I read the synopsis online before the show and Wikipedia describes it as an absurdist play. The word absurd stayed on my mind throughout the whole of first half. (Absurd –http://www.dictionary.com.)by
Two tramps, Go Go (Estragon) and Di Di (Vladimir) are at a deserted place waiting for a man named Godot. They have no idea who is he nor why they are waiting there but they have been doing it for half a century. This place where they wait is bare except for a leave-less tree and a rock. To pass the time until night fall, the two try all sorts of antics, until they get tired out. GoGo would then suggest that they go and then Di Di would remind him that they can’t. Why not? Because they are waiting for Godot.
So they were very happy when they met Pozzo and his slave Lucky, for that means they won’t be so bored. They are entertained by how Pozzo ill treats Lucky, by tying him on a leash and making him carry a bag of sand and a basket despite Lucky being obviously very frail and weak.
Pozzo and Lucky leaves and when night falls, a boy comes to tell the tramps that Godot will definitely come tomorrow. The next evening, they are there waiting at the same place, sick of each other’s company and so frustrated that they contemplate suicide again.

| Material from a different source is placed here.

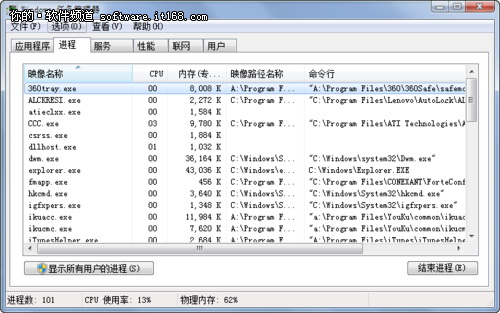 确保使用安全 查看Windows7进程路径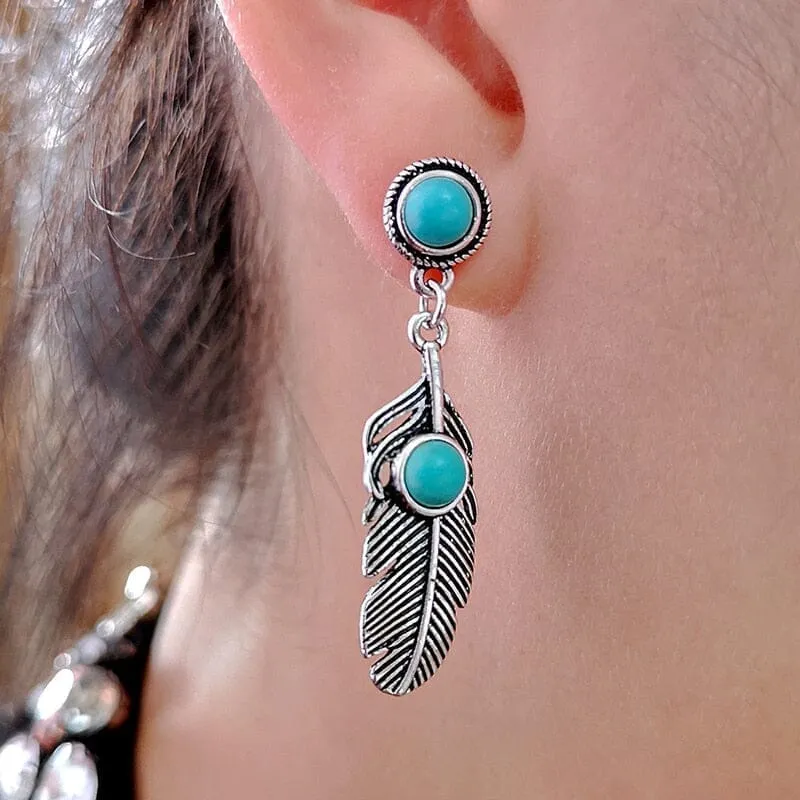 Coconut Palm Leaf Turquoise Drop Earrings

And the evening repeats without Godot coming.
At the end of the play, the lady besides us remarked, ‘The play is so sad, right?’
The four main casts is the spine of the play. The tramps, acted by Patrick O’Donnel and Neill Fleming bicker naturally you believe they have been together for half a century. GoGo’s face is like a clown, contorting itself to various emotions. A worthy mention is lucky (Nick Devlin), whose first ten minutes appearance is done on 90 degree bent back, his arms weighted down with a bag and basket. When he finally straightened, we were entertained by his ‘thinking’, a nonsensical monologue in which nothing he said make sense.
This play was obviously very popular with the full house audience, many chuckling at various parts. Yet at the end, one can’t help feeling sad and sorry for the men’s wait. I personally can empathize, for I hate waiting for anyone. So the next time I wait, you can be sure this play will certainly resonate.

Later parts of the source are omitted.